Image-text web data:
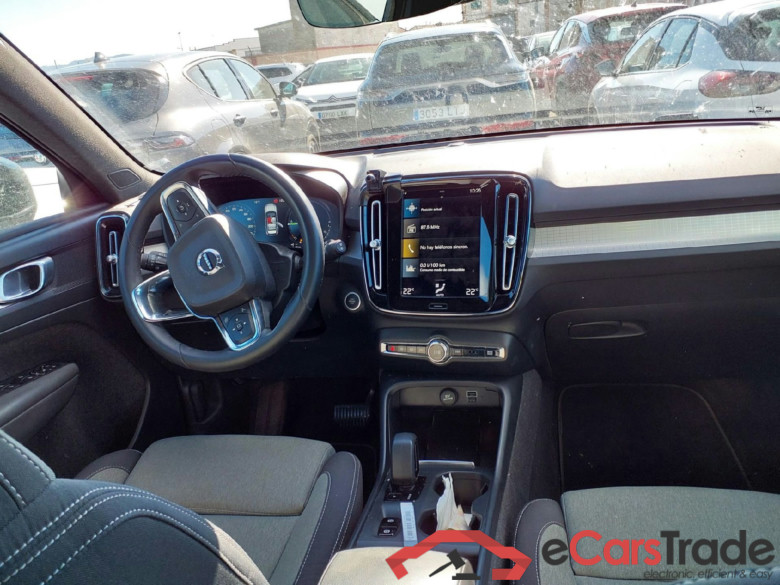 VOLVO XC40 todoterreno 1.5 T4 Recharge PHEV Core Auto 210 CV 10 kWh #3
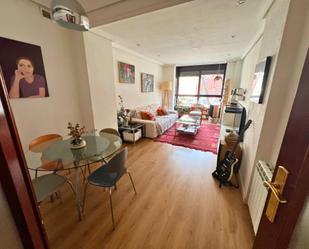 Living room of Flat for sale in  Madrid Capital  with Air Conditioner, Heating and Community pool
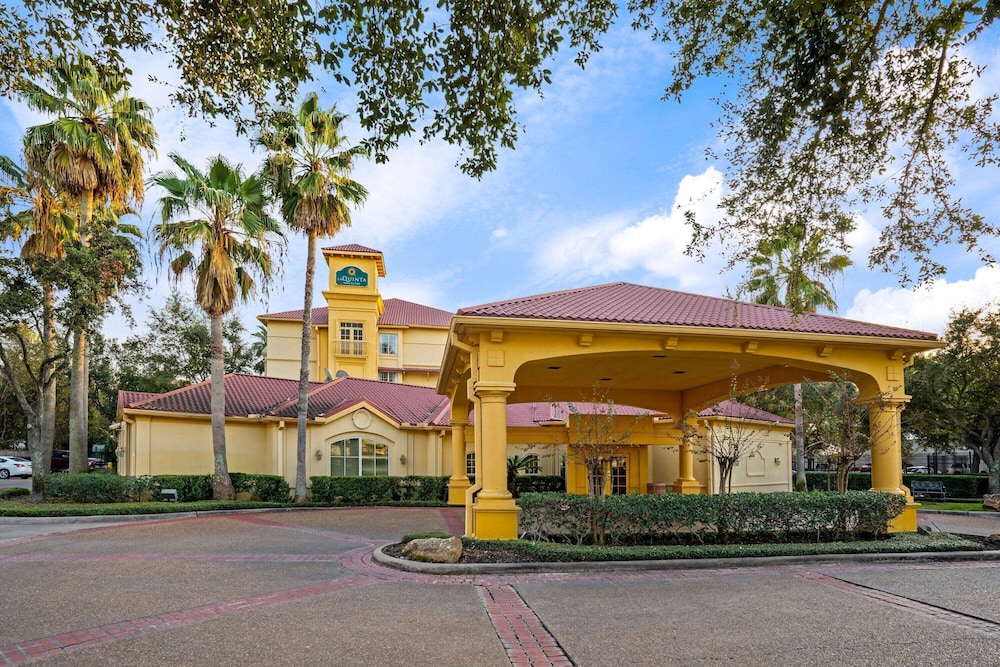 La Quinta Inn & Suites by Wyndham Houston West Park 10 - photo 24
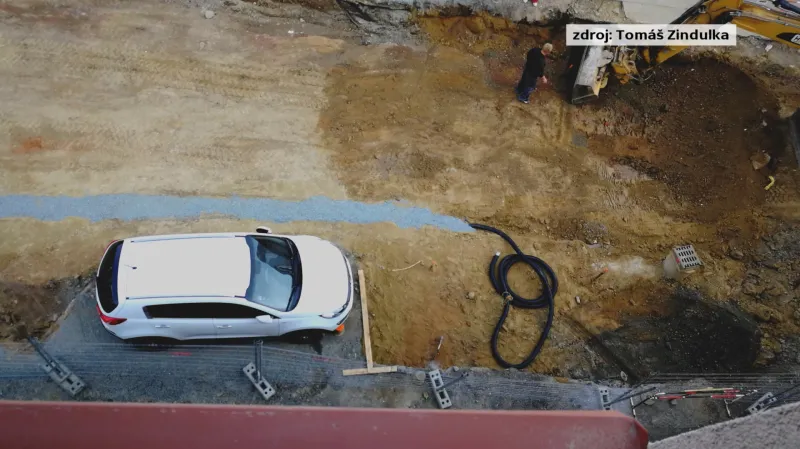 Obkopané auto ve Francouzské ulici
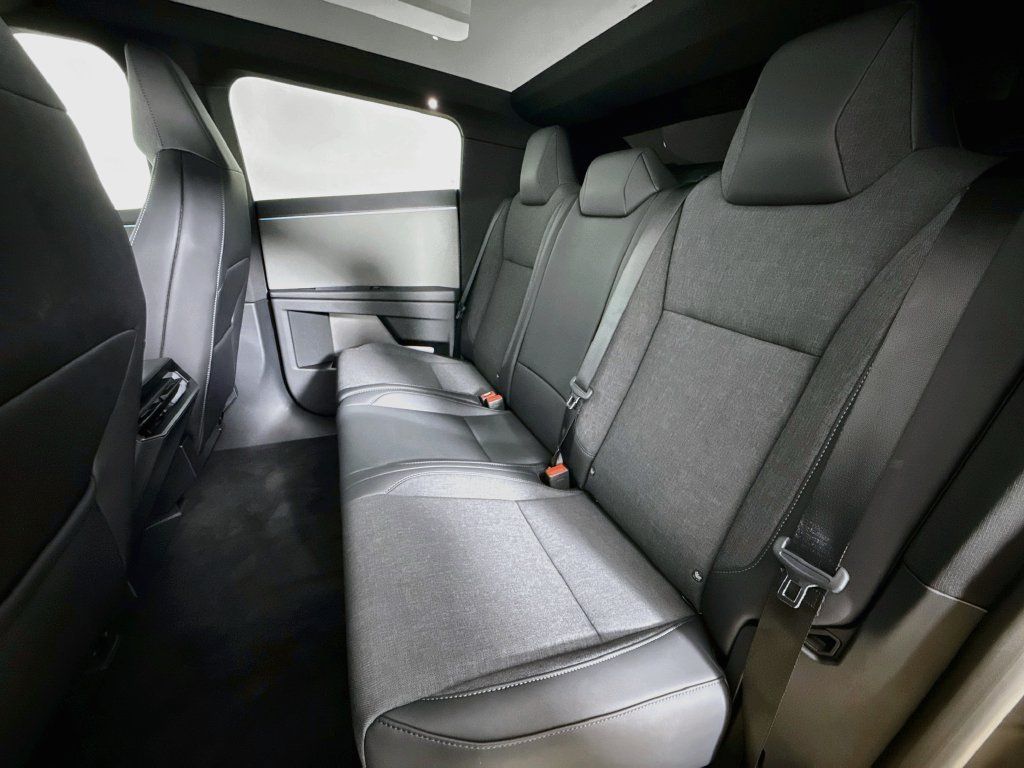 Used 2026 Tesla Cybertruck AWD Crew Cab image 22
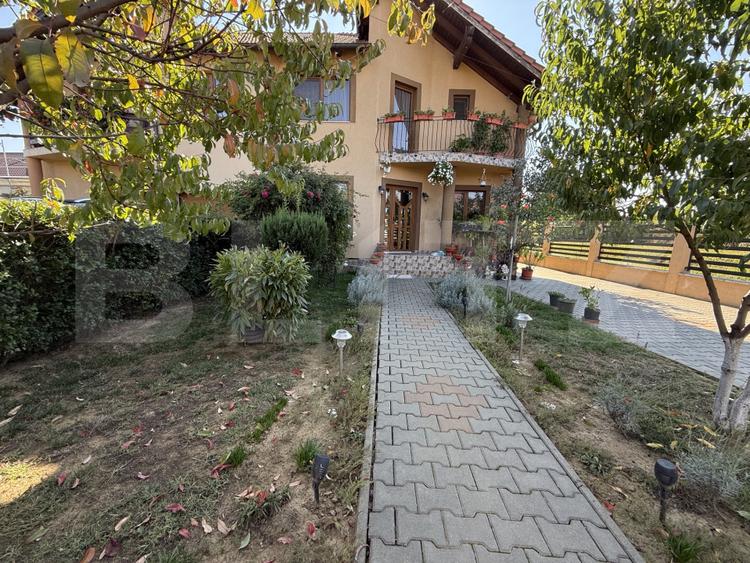 Casa cu 5 camere, 165 mp, zona Paulesti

▶ What to work on: The answer consists of the records repeated exactly, without any images.

▶ Task answer:
 VOLVO XC40 todoterreno 1.5 T4 Recharge PHEV Core Auto 210 CV 10 kWh #3
 Living room of Flat for sale in  Madrid Capital  with Air Conditioner, Heating and Community pool
 La Quinta Inn & Suites by Wyndham Houston West Park 10 - photo 24
 Obkopané auto ve Francouzské ulici
 Used 2026 Tesla Cybertruck AWD Crew Cab image 22
 Casa cu 5 camere, 165 mp, zona Paulesti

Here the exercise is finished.